De su castellano dulcificado por la prosodia chilena salían vibrando múltiples relatos de mujeres heroicas, bandidos y cuatreros que llenaron los campos del Chile decimonónico con leyendas fantásticas, tiernas o trágicas; entre ellas, las correrías de Ciriaco Contreras, especie de Robin Hood criollo que asolaba con sus partidas de jinetes armados las haciendas de los terratenientes para rescatar de ellas "el pan robado a los pobres", según el tácito silabario rural de entonces...

Abuela Elena supo refundar su reino campesino en las eras rumorosas de Chacra El Olivo, propiedad de ochenta hectáreas, ubicada siete kilómetros al norte de Santiago del Nuevo Extremo, donde, junto a sus tres hijas, hijos, yernos y nietos, mantuvo encendida la lumbre sagrada del lar remoto, convocando y manteniendo, sutilmente, la unidad del abigarrado clan de los García Moure, Bordalí Moure, Díaz Moure, Moure Navarrete, Moure Oportot y Moure Rojas, en torno a los sencillos ritos de la comensalía gallega. Allí aprendimos los rudimentos da nosa lingua nai, su prosodia indisolublemente ligada a los sones de la tierra, al agua, al viento, al fuego, a los pájaros, a los animales... Mujer sencilla y abnegada, poseía también rasgos de humor gallego, que solía aflorar en los rituales agrarios, en esas tareas cíclicas que nuestros antergos llamaban ceifas, como la matanza de cerdos o mata dos porcos, que constituía una de las fiestas principales y desaforado condumio en los anchos patios de Conchalí, ocasión en la que nos juntábamos una treintena de coléricos primos para jugar y cometer olímpicas falcatruadas, o fechorías, desde el alba hasta el anochecer.

En uno de esos pantagruélicos yantares, una tía chilena, melindrosa y esquiva, simulaba comer muy poco, entre bocados de equívoco disimulo. Entonces, desde la cabecera de la mesa, abuela Elena recitó: "Costureira melindrosa/ di que non come touciño,/ e come un porco enteiro/ dende o rabo ata o fuciño".

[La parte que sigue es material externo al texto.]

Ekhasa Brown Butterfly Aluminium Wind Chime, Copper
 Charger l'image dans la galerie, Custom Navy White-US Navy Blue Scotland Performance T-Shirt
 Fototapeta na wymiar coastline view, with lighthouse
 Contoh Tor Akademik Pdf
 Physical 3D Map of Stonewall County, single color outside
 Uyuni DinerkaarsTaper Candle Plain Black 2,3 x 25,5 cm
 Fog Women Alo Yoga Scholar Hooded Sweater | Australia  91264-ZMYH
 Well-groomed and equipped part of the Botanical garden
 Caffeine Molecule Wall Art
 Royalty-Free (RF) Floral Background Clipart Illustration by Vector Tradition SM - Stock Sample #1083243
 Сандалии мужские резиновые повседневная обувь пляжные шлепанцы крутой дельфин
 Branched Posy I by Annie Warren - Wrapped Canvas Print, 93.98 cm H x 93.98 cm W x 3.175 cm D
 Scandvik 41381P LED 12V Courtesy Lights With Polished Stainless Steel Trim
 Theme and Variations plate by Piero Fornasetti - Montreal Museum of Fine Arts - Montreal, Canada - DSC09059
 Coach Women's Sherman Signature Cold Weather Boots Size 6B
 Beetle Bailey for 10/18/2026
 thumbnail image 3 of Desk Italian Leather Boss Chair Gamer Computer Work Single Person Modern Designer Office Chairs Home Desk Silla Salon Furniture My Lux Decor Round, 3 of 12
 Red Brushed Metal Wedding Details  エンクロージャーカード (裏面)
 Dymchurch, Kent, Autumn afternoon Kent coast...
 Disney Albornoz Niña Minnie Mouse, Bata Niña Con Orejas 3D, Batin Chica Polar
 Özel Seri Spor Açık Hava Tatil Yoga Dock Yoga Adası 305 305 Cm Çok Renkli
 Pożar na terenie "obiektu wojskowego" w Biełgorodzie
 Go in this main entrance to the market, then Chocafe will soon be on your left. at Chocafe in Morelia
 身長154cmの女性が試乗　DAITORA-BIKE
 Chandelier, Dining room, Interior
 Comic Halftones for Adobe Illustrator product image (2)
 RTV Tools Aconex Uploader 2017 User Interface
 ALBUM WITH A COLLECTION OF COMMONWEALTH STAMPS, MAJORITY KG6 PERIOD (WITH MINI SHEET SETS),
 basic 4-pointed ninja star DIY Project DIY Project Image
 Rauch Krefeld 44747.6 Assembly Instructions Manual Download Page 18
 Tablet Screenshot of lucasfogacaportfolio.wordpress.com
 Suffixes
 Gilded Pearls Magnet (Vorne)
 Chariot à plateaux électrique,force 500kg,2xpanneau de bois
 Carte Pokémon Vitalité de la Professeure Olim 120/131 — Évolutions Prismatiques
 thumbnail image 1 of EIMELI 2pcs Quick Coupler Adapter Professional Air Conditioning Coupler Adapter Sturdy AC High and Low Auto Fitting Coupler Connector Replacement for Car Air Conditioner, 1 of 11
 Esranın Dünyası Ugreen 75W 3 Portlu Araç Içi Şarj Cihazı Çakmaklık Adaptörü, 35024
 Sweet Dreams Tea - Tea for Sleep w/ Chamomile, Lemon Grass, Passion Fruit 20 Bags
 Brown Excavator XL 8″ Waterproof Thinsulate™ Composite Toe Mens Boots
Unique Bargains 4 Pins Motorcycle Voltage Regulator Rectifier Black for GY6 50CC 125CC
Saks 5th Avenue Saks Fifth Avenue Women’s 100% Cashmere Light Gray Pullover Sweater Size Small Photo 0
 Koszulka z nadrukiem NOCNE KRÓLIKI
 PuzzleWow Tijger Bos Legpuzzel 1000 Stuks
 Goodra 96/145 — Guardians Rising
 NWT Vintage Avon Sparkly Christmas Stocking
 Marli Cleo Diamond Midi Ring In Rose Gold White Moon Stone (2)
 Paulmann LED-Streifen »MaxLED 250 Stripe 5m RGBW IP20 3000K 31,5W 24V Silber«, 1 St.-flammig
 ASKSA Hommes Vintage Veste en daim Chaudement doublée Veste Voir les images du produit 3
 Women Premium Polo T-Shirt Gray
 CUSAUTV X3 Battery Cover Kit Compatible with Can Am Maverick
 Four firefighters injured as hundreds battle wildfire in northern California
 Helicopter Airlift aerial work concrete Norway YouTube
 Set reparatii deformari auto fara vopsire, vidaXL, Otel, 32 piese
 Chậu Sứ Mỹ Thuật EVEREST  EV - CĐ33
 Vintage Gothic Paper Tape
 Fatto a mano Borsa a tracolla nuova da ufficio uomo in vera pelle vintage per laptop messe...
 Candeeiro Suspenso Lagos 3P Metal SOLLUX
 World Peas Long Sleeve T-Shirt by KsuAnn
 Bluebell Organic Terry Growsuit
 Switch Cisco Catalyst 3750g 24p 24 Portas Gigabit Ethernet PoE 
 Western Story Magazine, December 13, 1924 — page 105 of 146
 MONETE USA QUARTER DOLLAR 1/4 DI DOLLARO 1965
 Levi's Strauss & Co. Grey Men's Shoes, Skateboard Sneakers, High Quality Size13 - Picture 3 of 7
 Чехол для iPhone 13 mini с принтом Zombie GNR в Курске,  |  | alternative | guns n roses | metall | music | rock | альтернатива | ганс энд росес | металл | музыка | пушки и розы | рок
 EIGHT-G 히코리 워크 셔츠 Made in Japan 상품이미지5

La risa animó aún más a los comensales, entregados ya por completo a los goces de Epicuro, ese larpeiro griego que no tuvo la suerte de conocer Galicia... Entre los refranes campesinos en que apoyaba su ancestral sabiduría, recuerdo uno que aplico a cierto pariente cercano, poco dado al trabajo agrícola y sí a enredos de faldas: "Labrego de moitas feiras, non atende ben as súas leiras".

Había especiales ocasiones para agradar a nuestras abuelas, como ofrenda de la tribu a sus respetables matriarcas... Aprendí de niño versos épicos chilenos para declamárselos a la abuela Fresia: "Veintiuno de mayo, aniversario hermoso/ que traes tan pronto a la memoria el hecho más brillante y más grandioso/ que recuerda en sus páginas la historia..."; estrofas arrogantes, relamidas y de dudosa estética, inspiradas en la Guerra del Pacífico, ocurrida contra Perú y Bolivia en 1879, pero vivas aún para aquellas generaciones nacidas en el último cuarto del siglo XIX... Mi torpe, pero decidido histrionismo, me hacía luego acreedor a doble ración de postres y confites.

Para mi abuela Elena, en su onomástico, yo memorizaba poemas de Rosalía o de Curros: "Adiós ríos, adiós fontes/ adiós regatos pequenos/ adiós vista dos meus ollos/ non sei cando nos veremos...", o uno de los predilectos de mi padre, joya del poeta civil de Galicia:

"Do mar pola orela mireina pasar/
na frente unha estrela, no bico un cantar..."

La abuela lloraba su morriña y metía en mi bolsillo un puñado de relucientes monedas; supe entonces que la poesía también puede servir para fines mercenarios u oportunistas... Pero la tarde invernal se llenaba de cálidas excitaciones y abría la locuacidad memoriosa de la Avoa Nai con su enxebre acento de Lugo.

Ahora me pregunto: ¿a dónde se fueron aquellas voces augurales de la estirpe con las que esas mujeres recreaban nuestro mundo, abriendo sus horizontes como mágico abanico?

Quizá retornen algún día sus ecos, en otras formas, en otros coloquios, conjugando las sílabas con ese amor que hacía renacer, desde el corazón de la familia, el fuego, el pan y la esperanza.